科学者が試験管内の変化を観察するように、今現在の自分が若き日の音楽作品を客観的に評価することは不可能である。なぜなら作品とは「モノ」であると同時に、その当時の自分自身が行っていた「こと」でもあるからだ。月並みな話だが、自分は中学から高校時代、モノと同時にことである音楽制作に明け暮れる日々を過ごした。当時の自分が描いていた夢は、ヤマハ音楽が毎年開催していたポピュラーミュージックコンテスト(通称ポプコン)、今でいうところのTeen's Music Festival (TMF) の全国大会に出場し、つま恋のステージで催される大会で入賞しメジャー・デビューすることであった。自分は幼少から学校の授業以外に音楽や楽器を習った経験はなく、技術も知識も能力もゼロだった。しかしそんなことは全く無関係な話で、当の本人は夢とは叶えるものだと信じて止まなかった。

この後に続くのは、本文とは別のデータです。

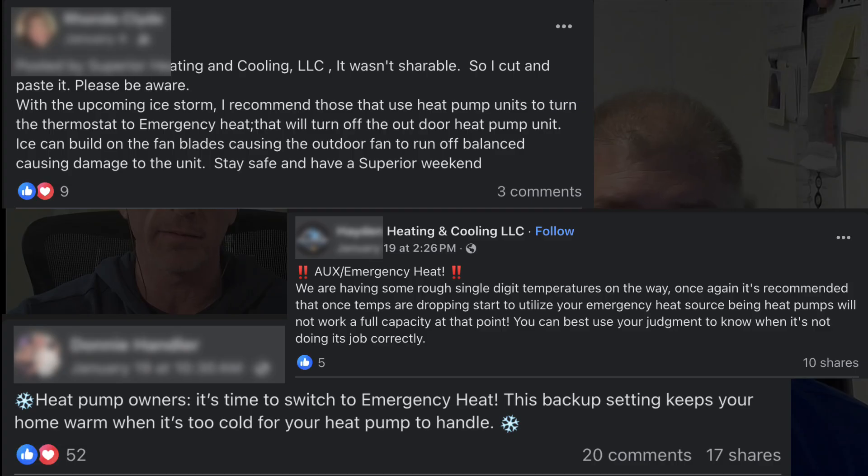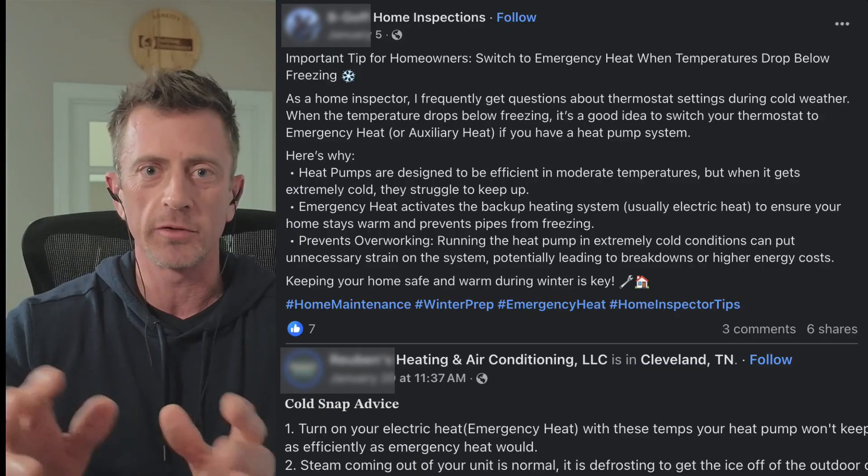Friend after friend online was sharing well-meaning HVAC contractors' advice about, at 30 degrees, turn off your heat pump and turn it to emergency heat. They're going to get huge electric bills and it's unnecessary. I think part of the reason was because we were expecting some ice storms and they didn't want the outdoor heat pump condenser to freeze up and break. But can you speak to the reality of that a little bit?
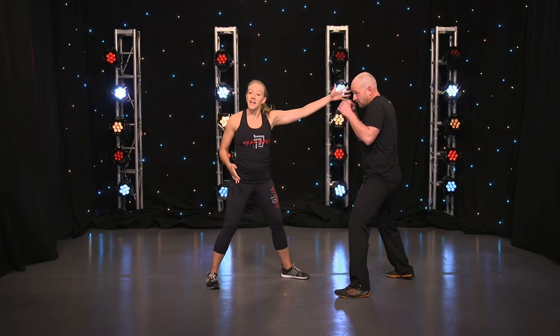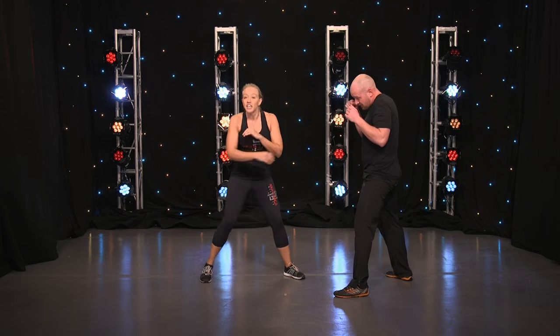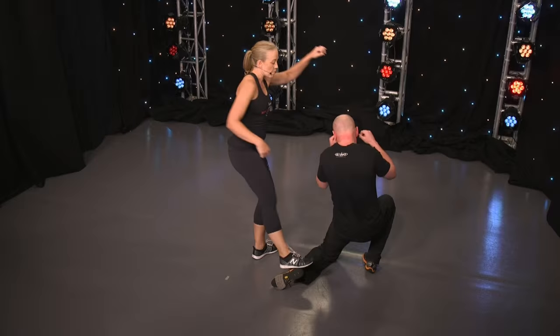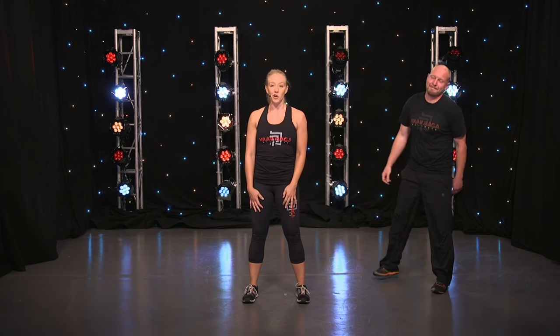So instead of going up to the head, you can go there. I'm thinking about kicking across their knee and knocking them down. And that's how to defend yourself like Holly Holm.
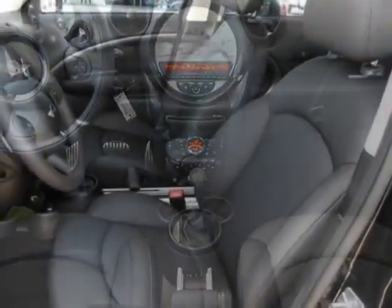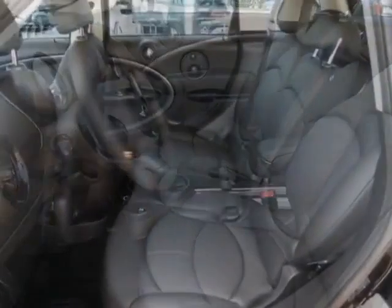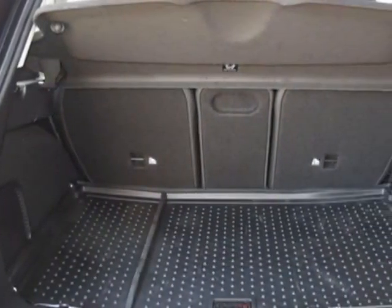This Cooper Countryman boasts a 1.6 liter inline-four engine and has a 6-speed Steptronic transmission. Additional options for this vehicle include the 6-speed automatic transmission.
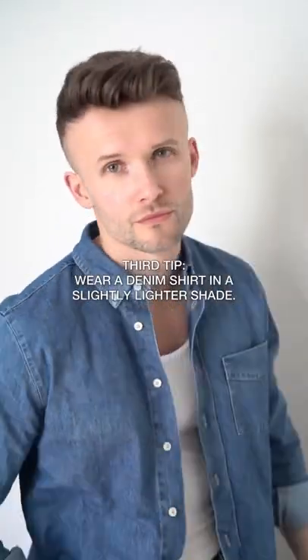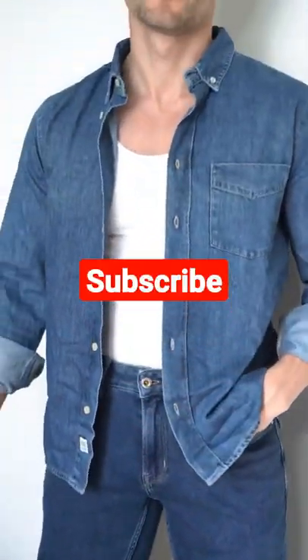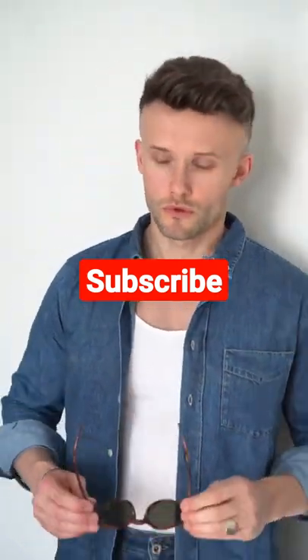Finally, the blue jeans can be combined with a denim shirt. The best match is dark blue in a lighter shade than the blue jeans so the outfit doesn't look like a uniform. Don't forget some cool sneakers and you're good to go!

1980年代当時、ニューミュージック、テクノ、そしてヘビーメタルが全盛の時代、今では考えられないが世間や学校生活では理由も無く電子楽器、特にエレクトリックギターやバンド系のファッションに抑圧的であった。放課後にレンタルレコード店に行き、深夜にカセットテープに録音する。小型化したSONYのウォークマンを制服の内ポケットにしまい袖にイヤホンを通しては、先生の眼をカモフラージュしながら刺激的な新譜に聞き入っていた。イマジネーションが湧くと急いで帰り、ドルビーノイズリダクションシステム付のダブルカセットデッキを前にギターと生声で弾き語りを録音し、またそこにエアーで音を重ねる。そんな地道な多重録音がその頃の自分の日常だった。
小さな転帰が高校1年の夏に訪れた。クオリティはともかく自主制作の楽曲が深夜のTBSラジオを通じてオンエアーされたのだ。当時の肌感覚が今でも忘れられない。それを契機に受験の2文字は完全に身体から切り離され、毎晩明け方まで曲作りに熱を注いた。満を持して挑んだ高1のポプコンであったが、結果はもちろん箸にも棒にもかからず予選落ち。再起をかけて準備した高校2年のポプコンであったが、この年以降、主催者ヤマハの都合によりポプコンは開催されなくなった。その背景は諸説あるが、1980年代末期に日本中を熱狂させたバンドブームの到来である。自主制作によるインディーズレーベルからファンを獲得してアンダーグランドからのし上がる、そんな日本の音楽文化はこの時期に確立した。有頂天、ラフィンノーズ、ブルーハーツなど、いずれも自由奔放パンクなインディーズ出身のバンドの出現に、心を熱くせずにはいられなかった。そして自身の目指す矛先は、ポプコンからインディーズに変わった。
高校3年の秋、無い小銭を叩いてマクセルのTypeⅡクロームカセットにダビングを重ねて初回限定300本のデモテープを制作した。ついに自分のインディーズ・レーベルが立ち上がったのだ。しかし、当時インディーズのメッカであった世田谷区日大通りのフジヤマ・レコードで、憧れのアーティストの作品群の中に自分のデモテープが陳列されているのを眼にした時、何故だかなんとも言えない悲しさと刹那さが込み上げてきたのを、今でも忘れられない。翌春、大学に入学した自分には、もはや音楽制作の夢をみる姿はなかった。僕は日々没頭して作り上げた幾重もの音源と録音機材を丸ごと全て捨て去り、家の中にあるTVまで破壊してしまった。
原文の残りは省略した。